100%|██████████| 9.91M/9.91M [00:01<00:00, 6.11MB/s]
100%|██████████| 28.9k/28.9k [00:00<00:00, 160kB/s]
100%|██████████| 1.65M/1.65M [00:01<00:00, 1.52MB/s]
100%|██████████| 4.54k/4.54k [00:00<00:00, 9.71MB/s]


## Simple Neural Network

In [23]:
class SimpleNN(nn.Module):
    def __init__(self, hidden_size_1=1000, hidden_size_2=2000):
        super().__init__()
        self.linear1 = nn.Linear(28*28, hidden_size_1)
        self.linear2 = nn.Linear(hidden_size_1, hidden_size_2)
        self.linear3 = nn.Linear(hidden_size_2, 10)
        self.relu = nn.ReLU()

    def forward(self, img):
        x = img.view(-1, 28*28)
        x = self.relu(self.linear1(x))
        x = self.relu(self.linear2(x))
        x = self.linear3(x)
        return x

simple_nn = SimpleNN().to(device)

### vanila SGD from scratch

In [5]:
class SGD:
    def __init__(self, parameters, lr: float = 0.01):

        self.params = parameters  # Store references to parameters
        self.lr = lr  # Learning rate

    def zero_grad(self):
        """Clear gradients of all parameters"""
        for param in self.params:
            # Check if parameter has gradients
            if param.grad is not None:
                # Set gradient tensor to zeros (in-place)
                param.grad.zero_()

    def step(self):
        """Update parameters using gradients"""
        for param in self.params:
            # Skip parameters without gradients
            if param.grad is None:
                continue

            # SGD update rule: param = param - lr * gradient
            # .data accesses the tensor data without affecting gradient computation
            param.data = param.data - self.lr * param.grad

## Trainer

In [6]:
cross_el = nn.CrossEntropyLoss()
optimizer = torch.optim.AdamW(simple_nn.parameters())
epochs = 1

losses = []
val_losses = []
j = 0

for i in range(epochs):

    simple_nn.train()          # activate train mode

    for x , y in iter(train_loader):
        x,y = x.to(device),y.to(device)  # move to device

        logits = simple_nn(x)
        loss = cross_el(logits,y)

        optimizer.zero_grad()  # param.grad = 0
        loss.backward()        # update param.grad
        optimizer.step()       # update param.data



        # validation
        if j%100==0:
            total_val_loss,k  = 0,0
            simple_nn.eval()

            with torch.no_grad():
                for a,b in iter(test_loader):
                    a,b = a.to(device),b.to(device)

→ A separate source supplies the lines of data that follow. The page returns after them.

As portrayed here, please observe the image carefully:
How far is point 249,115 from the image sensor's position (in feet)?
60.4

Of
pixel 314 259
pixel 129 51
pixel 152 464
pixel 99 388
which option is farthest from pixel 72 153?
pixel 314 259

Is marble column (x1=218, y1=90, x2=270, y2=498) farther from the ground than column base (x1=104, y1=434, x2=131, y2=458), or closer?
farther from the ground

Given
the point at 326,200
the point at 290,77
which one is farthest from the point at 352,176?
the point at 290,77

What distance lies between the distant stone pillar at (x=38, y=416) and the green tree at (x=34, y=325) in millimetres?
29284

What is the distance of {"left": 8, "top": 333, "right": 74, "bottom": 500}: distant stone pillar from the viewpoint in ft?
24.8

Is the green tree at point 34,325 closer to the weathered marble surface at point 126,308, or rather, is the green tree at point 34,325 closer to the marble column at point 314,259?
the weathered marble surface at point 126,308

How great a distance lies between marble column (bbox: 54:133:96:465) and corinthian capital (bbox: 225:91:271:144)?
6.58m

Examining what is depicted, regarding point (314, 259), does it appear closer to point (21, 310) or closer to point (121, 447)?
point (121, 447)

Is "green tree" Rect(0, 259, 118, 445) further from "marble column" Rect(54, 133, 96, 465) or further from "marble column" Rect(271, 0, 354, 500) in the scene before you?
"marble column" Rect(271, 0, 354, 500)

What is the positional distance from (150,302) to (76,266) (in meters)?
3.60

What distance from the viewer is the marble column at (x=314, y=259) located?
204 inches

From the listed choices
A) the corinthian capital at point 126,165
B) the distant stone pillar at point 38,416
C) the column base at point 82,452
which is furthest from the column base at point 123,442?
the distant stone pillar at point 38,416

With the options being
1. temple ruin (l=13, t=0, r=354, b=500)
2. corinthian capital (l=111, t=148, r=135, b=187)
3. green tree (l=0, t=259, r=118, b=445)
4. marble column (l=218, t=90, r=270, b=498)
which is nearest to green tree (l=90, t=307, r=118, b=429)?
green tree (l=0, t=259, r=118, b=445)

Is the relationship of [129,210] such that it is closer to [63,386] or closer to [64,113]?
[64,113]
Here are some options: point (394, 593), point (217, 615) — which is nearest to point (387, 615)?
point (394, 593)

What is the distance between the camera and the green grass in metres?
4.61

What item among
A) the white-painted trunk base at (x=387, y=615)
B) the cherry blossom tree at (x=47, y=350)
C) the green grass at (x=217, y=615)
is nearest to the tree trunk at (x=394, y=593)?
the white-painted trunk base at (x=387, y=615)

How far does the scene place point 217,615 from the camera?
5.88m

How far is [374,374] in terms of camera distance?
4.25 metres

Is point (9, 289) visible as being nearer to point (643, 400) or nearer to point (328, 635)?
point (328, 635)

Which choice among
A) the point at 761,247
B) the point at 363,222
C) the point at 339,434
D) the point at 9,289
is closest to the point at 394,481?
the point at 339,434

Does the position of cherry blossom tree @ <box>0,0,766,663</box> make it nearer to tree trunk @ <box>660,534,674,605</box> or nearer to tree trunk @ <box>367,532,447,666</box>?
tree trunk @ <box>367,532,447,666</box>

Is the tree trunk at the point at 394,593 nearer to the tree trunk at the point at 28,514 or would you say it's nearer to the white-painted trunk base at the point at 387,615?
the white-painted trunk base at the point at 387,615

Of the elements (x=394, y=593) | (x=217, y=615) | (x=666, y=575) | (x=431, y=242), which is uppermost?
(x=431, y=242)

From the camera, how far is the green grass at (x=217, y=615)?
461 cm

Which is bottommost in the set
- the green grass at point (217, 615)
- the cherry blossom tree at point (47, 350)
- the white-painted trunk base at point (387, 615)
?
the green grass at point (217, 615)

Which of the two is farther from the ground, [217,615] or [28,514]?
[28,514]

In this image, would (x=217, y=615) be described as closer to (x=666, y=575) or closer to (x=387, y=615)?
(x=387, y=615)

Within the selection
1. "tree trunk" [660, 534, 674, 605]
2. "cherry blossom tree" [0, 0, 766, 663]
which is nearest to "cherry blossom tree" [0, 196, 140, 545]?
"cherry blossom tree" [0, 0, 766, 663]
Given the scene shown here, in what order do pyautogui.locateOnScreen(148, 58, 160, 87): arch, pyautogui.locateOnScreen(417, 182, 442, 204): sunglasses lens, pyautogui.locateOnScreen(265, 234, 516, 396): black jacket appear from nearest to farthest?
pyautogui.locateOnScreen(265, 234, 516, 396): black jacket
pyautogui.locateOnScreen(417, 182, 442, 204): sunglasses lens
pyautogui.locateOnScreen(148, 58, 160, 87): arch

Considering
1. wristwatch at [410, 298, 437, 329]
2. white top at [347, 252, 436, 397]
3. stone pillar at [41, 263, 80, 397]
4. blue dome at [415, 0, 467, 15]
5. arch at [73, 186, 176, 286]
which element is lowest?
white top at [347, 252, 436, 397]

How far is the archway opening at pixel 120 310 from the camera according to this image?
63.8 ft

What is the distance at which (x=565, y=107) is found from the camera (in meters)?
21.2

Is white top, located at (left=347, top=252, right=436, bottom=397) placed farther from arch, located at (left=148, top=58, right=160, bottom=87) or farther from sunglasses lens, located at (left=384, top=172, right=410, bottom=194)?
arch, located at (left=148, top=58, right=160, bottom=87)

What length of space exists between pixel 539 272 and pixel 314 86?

                    out = simple_nn(a)
                    error = F.cross_entropy(out,b)

                    k+=1
                    total_val_loss+=error.item()

                val_losses.append(total_val_loss/k)
            simple_nn.train()


        # extra
        loss = loss.item()
        losses.append(loss)
        j+=1
        if j% 1000==0:
            print(f'{j} loss: {loss}')



1000 loss: 0.05644175410270691


KeyboardInterrupt: 

In [None]:
plt.plot(losses)
plt.plot(val_losses)

In [49]:
simple_nn.state_dict().keys()

odict_keys(['linear1.weight', 'linear1.bias', 'linear2.weight', 'linear2.bias', 'linear3.weight', 'linear3.bias'])

In [60]:
next(iter(simple_nn.parameters()))

Parameter containing:
tensor([[-0.0242, -0.0309, -0.0184,  ..., -0.0270, -0.0259,  0.0354],
        [ 0.0036,  0.0334, -0.0028,  ...,  0.0171, -0.0355, -0.0274],
        [ 0.0137,  0.0197,  0.0243,  ...,  0.0232, -0.0323,  0.0021],
        ...,
        [-0.0055, -0.0012, -0.0032,  ...,  0.0128,  0.0101,  0.0280],
        [-0.0236, -0.0075,  0.0189,  ...,  0.0004,  0.0069,  0.0291],
        [-0.0227, -0.0200,  0.0302,  ...,  0.0206,  0.0128,  0.0034]],
       requires_grad=True)

In [61]:
next(iter(simple_nn.named_parameters()))     # contain name

('linear1.weight',
 Parameter containing:
 tensor([[-0.0242, -0.0309, -0.0184,  ..., -0.0270, -0.0259,  0.0354],
         [ 0.0036,  0.0334, -0.0028,  ...,  0.0171, -0.0355, -0.0274],
         [ 0.0137,  0.0197,  0.0243,  ...,  0.0232, -0.0323,  0.0021],
         ...,
         [-0.0055, -0.0012, -0.0032,  ...,  0.0128,  0.0101,  0.0280],
         [-0.0236, -0.0075,  0.0189,  ...,  0.0004,  0.0069,  0.0291],
         [-0.0227, -0.0200,  0.0302,  ...,  0.0206,  0.0128,  0.0034]],
        requires_grad=True))

In [65]:
next(iter(simple_nn.named_modules()))     # contain name

('',
 SimpleNN(
   (linear1): Linear(in_features=784, out_features=1000, bias=True)
   (linear2): Linear(in_features=1000, out_features=2000, bias=True)
   (linear3): Linear(in_features=2000, out_features=10, bias=True)
   (relu): ReLU()
 ))

## LoRA

In [20]:
class LoRALayer(nn.Module):

    def __init__(self,fan_in , fan_out, r=1,alpha=1 ):
        super().__init__()

        # random Gaussian initialization for A and zero for B
        # ∆W = BA is zero at the beginning of training

        self.A = nn.Parameter(torch.randn(r,fan_out)).to(device)
        self.B = nn.Parameter(torch.zeros(fan_in,r)).to(device)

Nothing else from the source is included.